COMPTE-RENDU – Ensemble uniquement composé de Flûtes à Bec à la manière du XVème siècle, le Consort Brouillamini présentait son dernier album, consacré à J.S Bach, le 9 août dans l’église perchée sur les hauteurs volcaniques de Miremont (Puy-de-Dôme) pour le festival « Bach en Combrailles ».

La présence du Consort Brouillamini au Festival « Bach en Combrailles » (à la dernière minute en remplacement du récital de la violoniste Alice Julien-Leferrière, malade) est une évidence : ce groupe de cinq musiciens propose des transcriptions personnelles d’œuvres de Jean-Sébastien Bach cinq flûtes à bec, de différentes tailles et sonorités.

« Consort » composé de flûtistes issus du Conservatoire Supérieur de Musique de Lyon, les Brouillamini ont repris cette pratique d’ensemble d’une même famille d’instrument perdue depuis la fin de la Renaissance. Ne trouvant qu’un répertoire réduit, les cinq musiciens (Élise Ferrière, Virginie Botty, Aránzazu Nieto, Florian Gazagne, Guillaume Beaulieu) ont transcrit des pièces pour clavecin et orgue de Bach afin de les adapter à leur ensemble.

A l’image du concert, le premier album de l’ensemble, « flûtes en fugue » (Paraty), apporte une nouvelle vision du répertoire du compositeur baroque grâce aux sonorités particulières des différentes flûtes. Très proches du timbre de l’orgue à certains moment en raison de leur parenté technique (de l’air dans un tuyau !), les flûtes apportent une douceur et une finesse mélodique aux œuvres transcrites, notamment sur le premier mouvement du concerto pour clavecin BWV 1058. Cette similitude sonore avec l’orgue s’efface cependant sur les pièces plus legato, à l’image de la reprise que font les Brouillamini du Prélude 22 du Clavier bien tempéré où le son des flûtes à bec s’apparente plus à la clarté de celui d’une flûte traversière.

« Flûtes en fugue » ravive la musique de Bach grâce à la légèreté d’interprétation permise par un enchevêtrement minutieux des différentes voix.

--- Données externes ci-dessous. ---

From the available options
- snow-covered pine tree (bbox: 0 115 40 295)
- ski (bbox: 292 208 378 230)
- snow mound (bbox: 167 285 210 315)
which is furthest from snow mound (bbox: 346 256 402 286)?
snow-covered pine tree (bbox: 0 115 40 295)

La transcription des Brouillamini du concerto pour deux clavecins BWV 1060, par exemple, retrouve une vivacité grâce aux voix de basses pétillantes. Si la musique du Consort Brouillamini n’émeut pas aux larmes, les cinq musiciens s’amusent avec les partitions chargées d’histoire et y apporte une jovialité moderne. Malgré un nom indiquant une confusion inextricable, le Consort Brouillamini offre une musique simple et claire, loin des complications baroques, qui offre un nouveau regard sur la musique de Bach.